**Web page caption snippets**
___

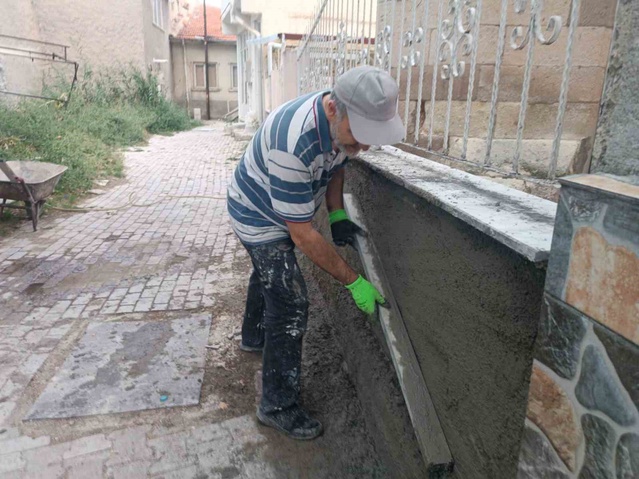 Afyonkarahisar Bolvadin'de cami imamı, şadırvan tadilatını usta çağırmadan yaptı
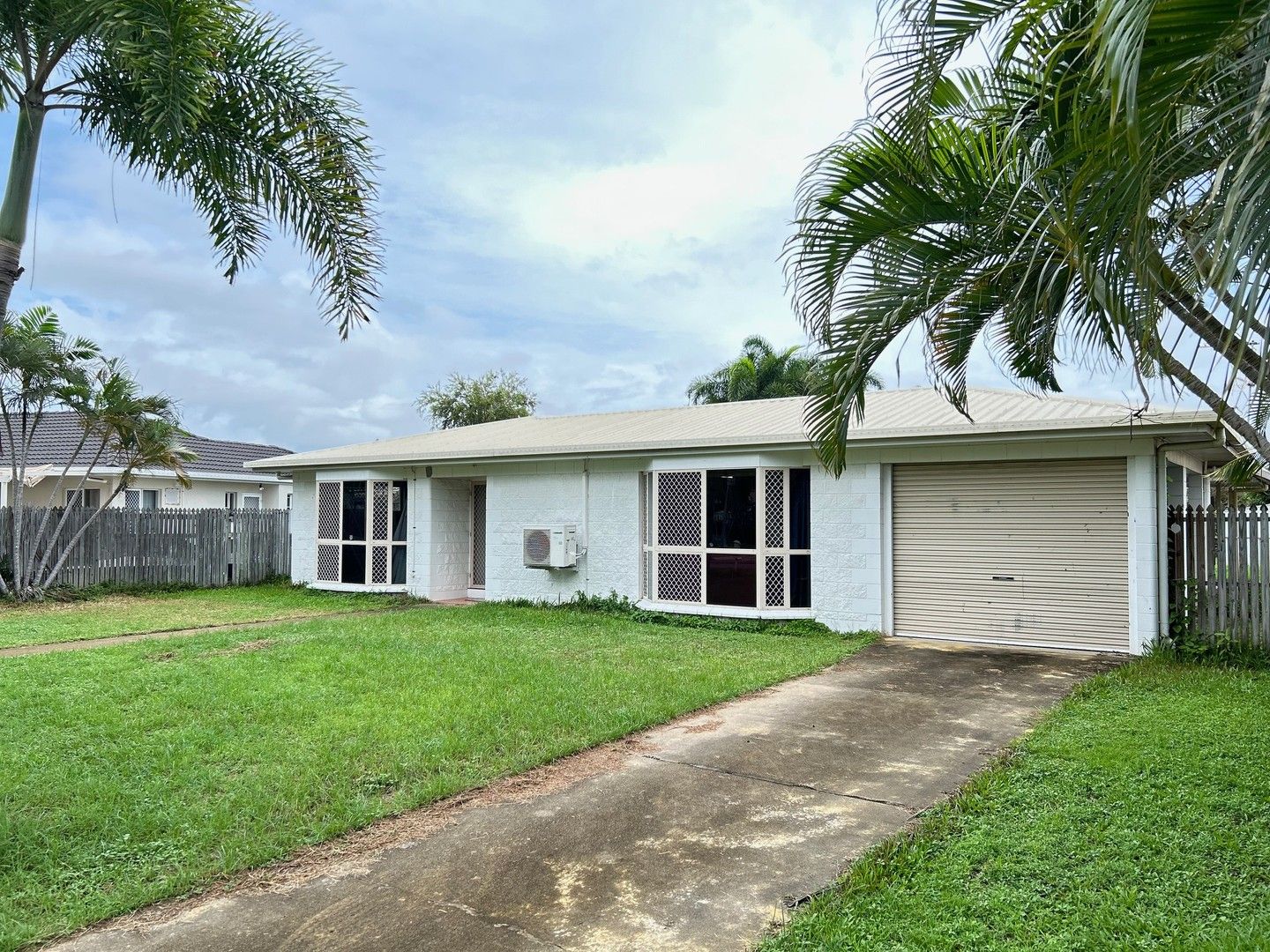3 bedrooms House in 49 Weddel Drive ANNANDALE QLD, 4814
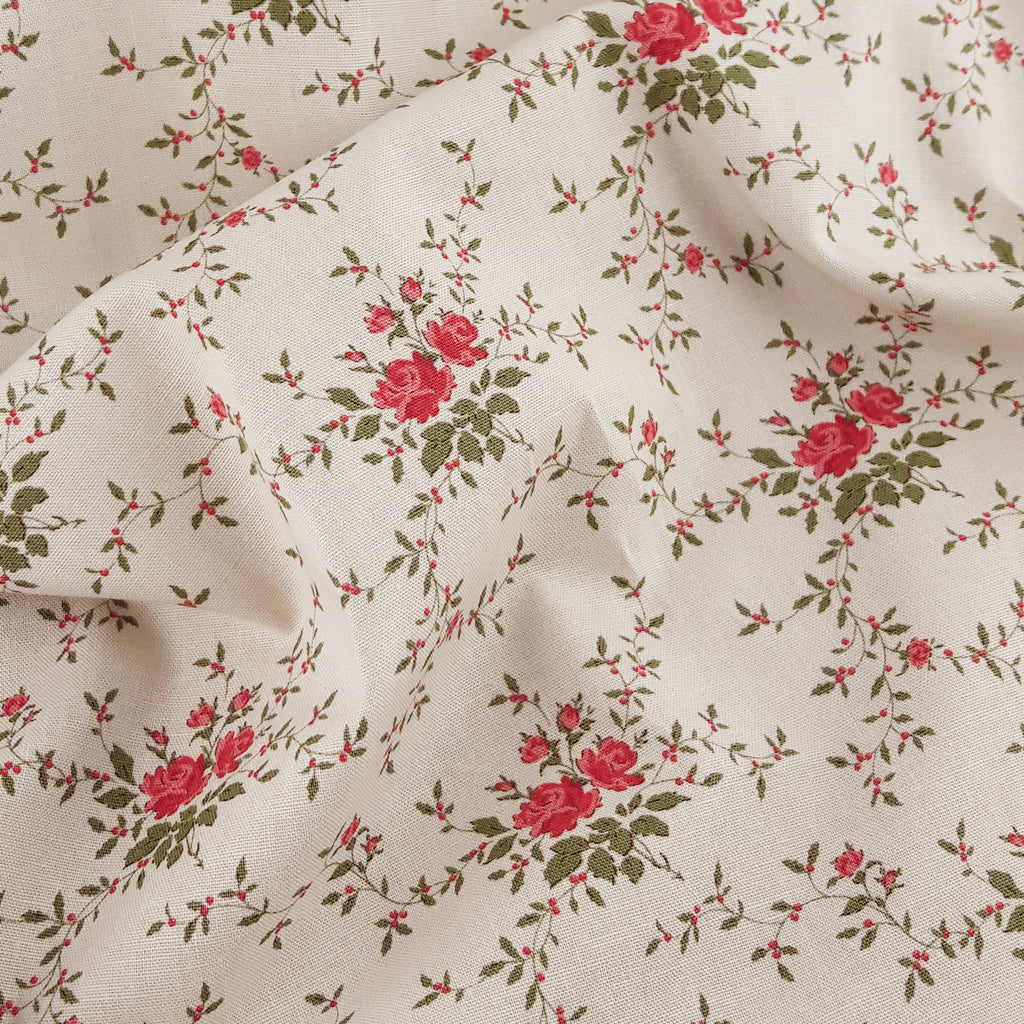 Tilda ~ Noel Cream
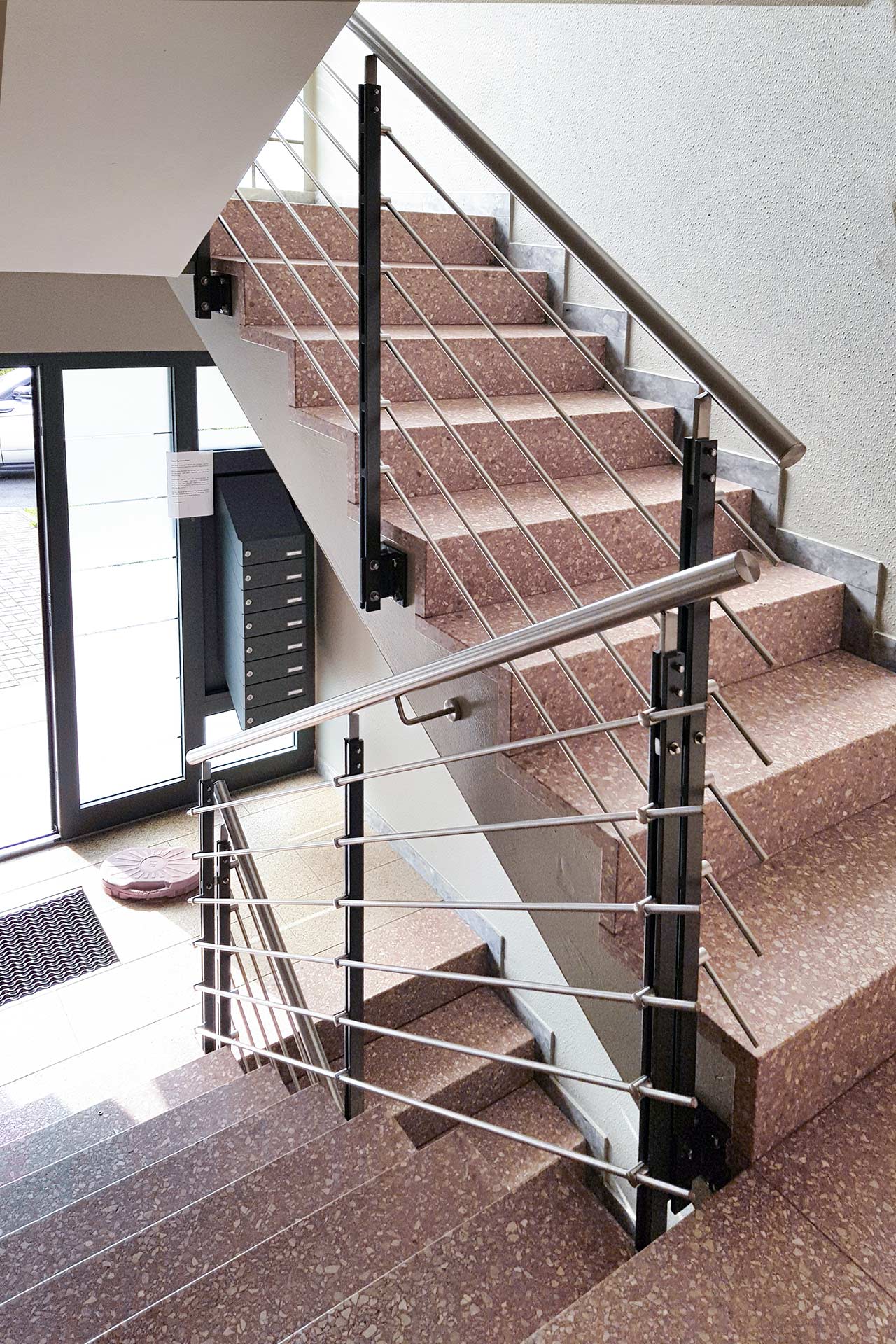 Edelstahlschlosserei Nappenfeld aus Mühlheim plant, fertigt und montiert Treppengeländer aus Edelstahl in einem Mehrfamilienhaus in Dortmund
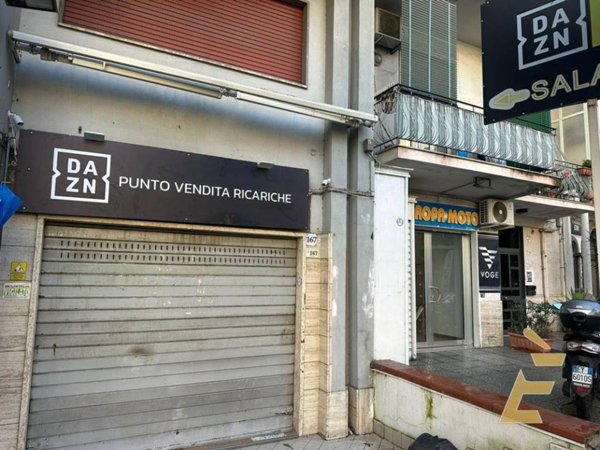 negozio in affitto a Castellammare di Stabia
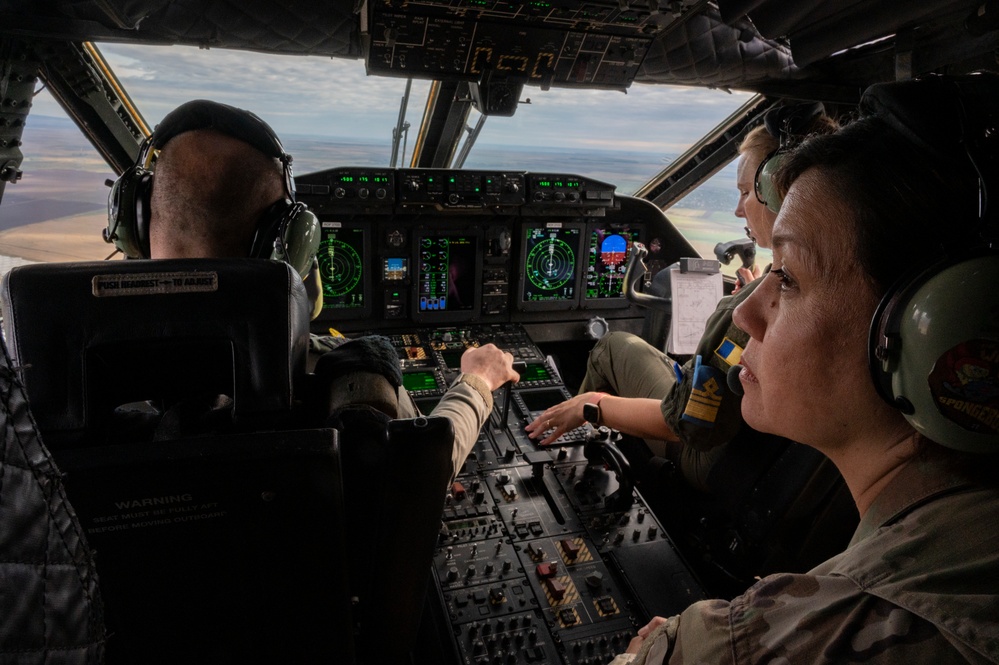 CMSAF visits with Romanian Air Force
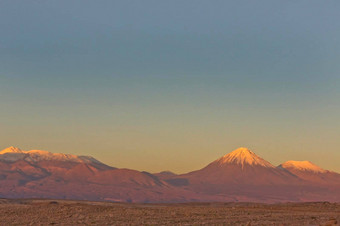 阿塔卡马沙漠自然景观利坎卡武尔火山智利南美国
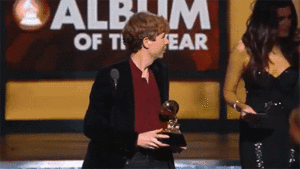 Kanye West GIF. Artiesten Gifs Kanye west Kim kardashian Kris jenner Jamescook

___

**Task item**
Reproduce every entry word for word, but omit the pictures.

**Output for this task**
 Afyonkarahisar Bolvadin'de cami imamı, şadırvan tadilatını usta çağırmadan yaptı
3 bedrooms House in 49 Weddel Drive ANNANDALE QLD, 4814
 Tilda ~ Noel Cream
 Edelstahlschlosserei Nappenfeld aus Mühlheim plant, fertigt und montiert Treppengeländer aus Edelstahl in einem Mehrfamilienhaus in Dortmund
 negozio in affitto a Castellammare di Stabia
 CMSAF visits with Romanian Air Force
 阿塔卡马沙漠自然景观利坎卡武尔火山智利南美国
 Kanye West GIF. Artiesten Gifs Kanye west Kim kardashian Kris jenner Jamescook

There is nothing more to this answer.